Marlow asked what Roman would like to see President Trump say to Congress on the topic of radical Islam during his upcoming address.
“I think definitive plans beyond the drafting of the executive order on immigration and extreme vetting that came out in the first few days of his administration, what he plans to do,” Roman replied. “He gave a directive to Secretary of Defense Mattis to draft a plan to defeat ISIS within 30 days of him drafting the order. I think it’s time that that plan not necessarily be shared – because President Trump has indicated he doesn’t intend to share his battle plans, which he shouldn’t with the public – but general guidelines on how he intends on getting that done.”
“The second thing is I’d like to hear him offer a stripping of the Countering Violent Extremism program that the Department of Homeland Security put forward under President Obama and a firm commitment that he will not be giving federal dollars to Islamist groups like the Muslim Public Affairs Committee or the Council on American-Islamic Relations,” he continued. “We saw two subsidiaries of these groups, allies, get hundreds of thousands of dollars in public funding. I don’t think it’s a good idea to give Islamists money to solve Islamist-backed terrorism.”
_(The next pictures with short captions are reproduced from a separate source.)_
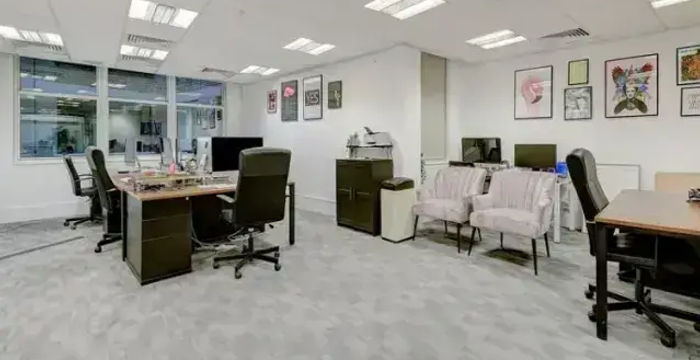 2 Queen Anne's Gate, Westminster - Image 2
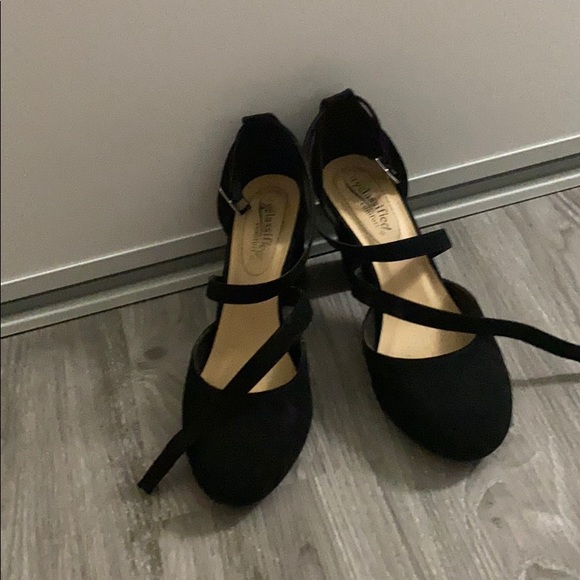 Black heels - Picture 1 of 2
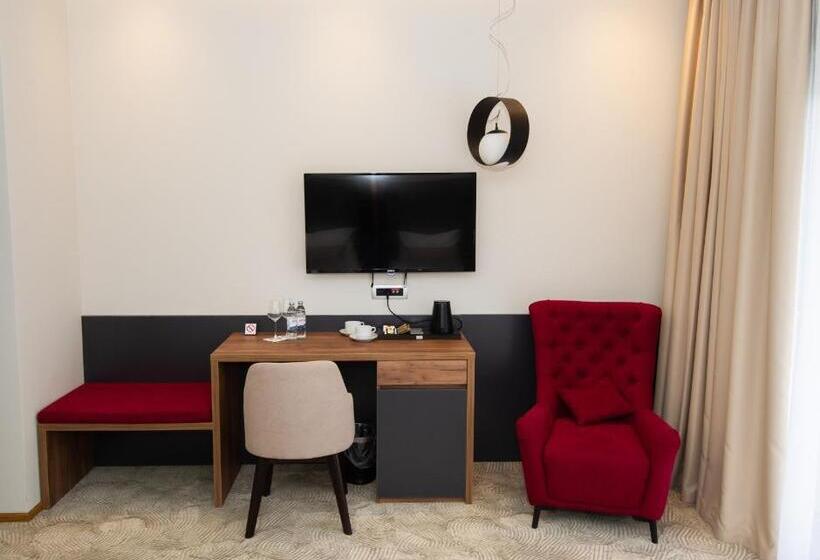اتاق لوکس با بالکن, Grande Casa Hotel   Međugorje
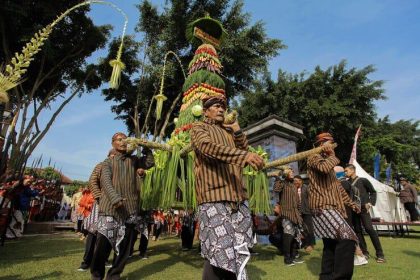  Ilustrasi Tradisi Arak Jolen, Sumber Foto: Freepik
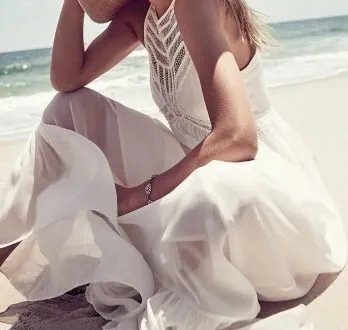 دليل ألوان ملابس شهر العسل للعروس: أحدث صيحات صيف 2025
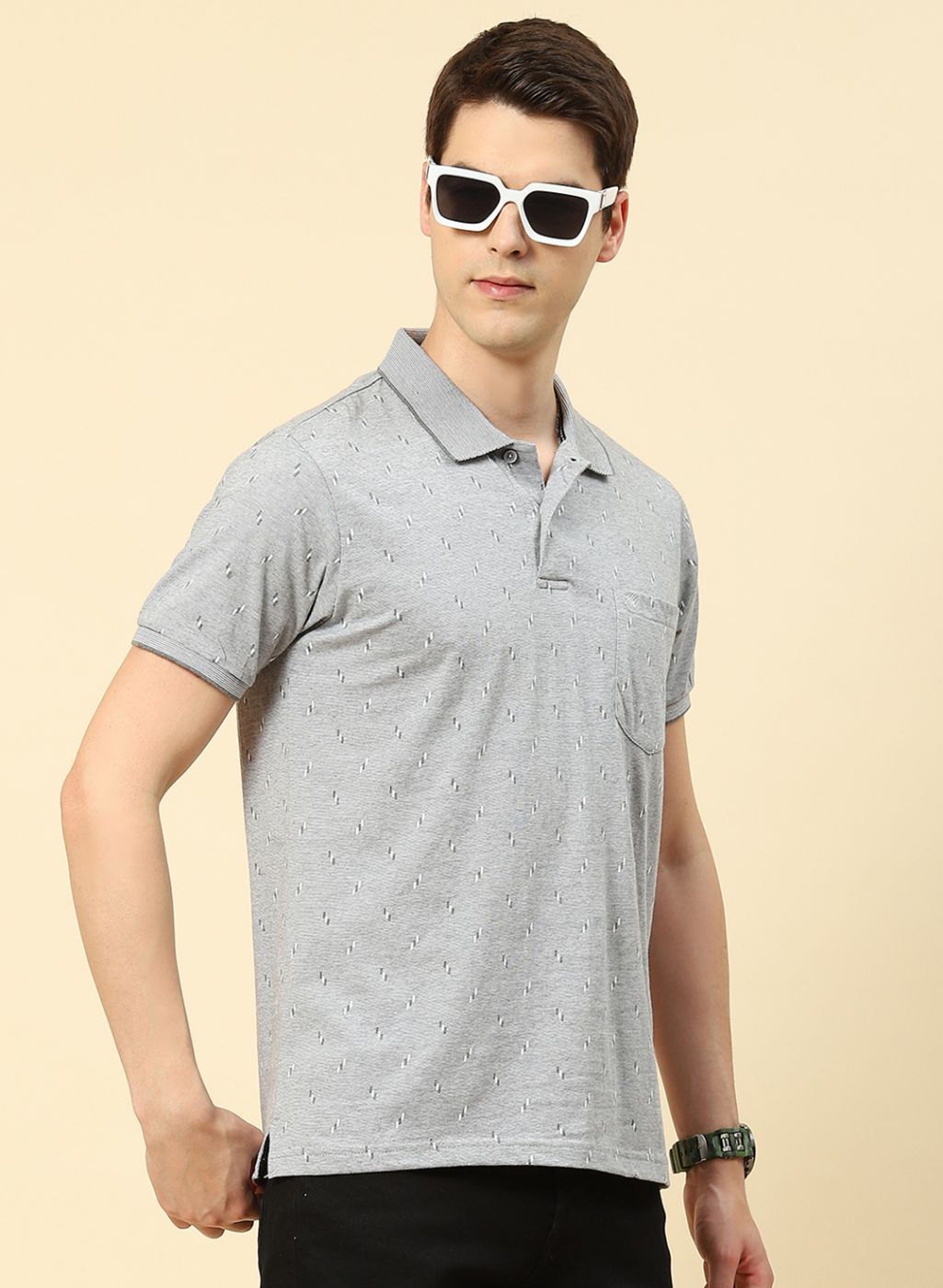 Men Grey Jaquard T-Shirt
“The third thing that I’d like to see is him offer a definitive mindset and blueprint for him introducing his committee and commission on radical Islam. Those three things I think would be good starting steps for him to announce on policy,” he said.
“But I don’t necessarily expect this is going to be the platform for which he will make this speech,” Roman added. “I understand it’s more on domestic policy, tax reform, his infrastructure spending plan, so I won’t be disappointed if he doesn’t announce it. But if he does, those are the three things I would look for.”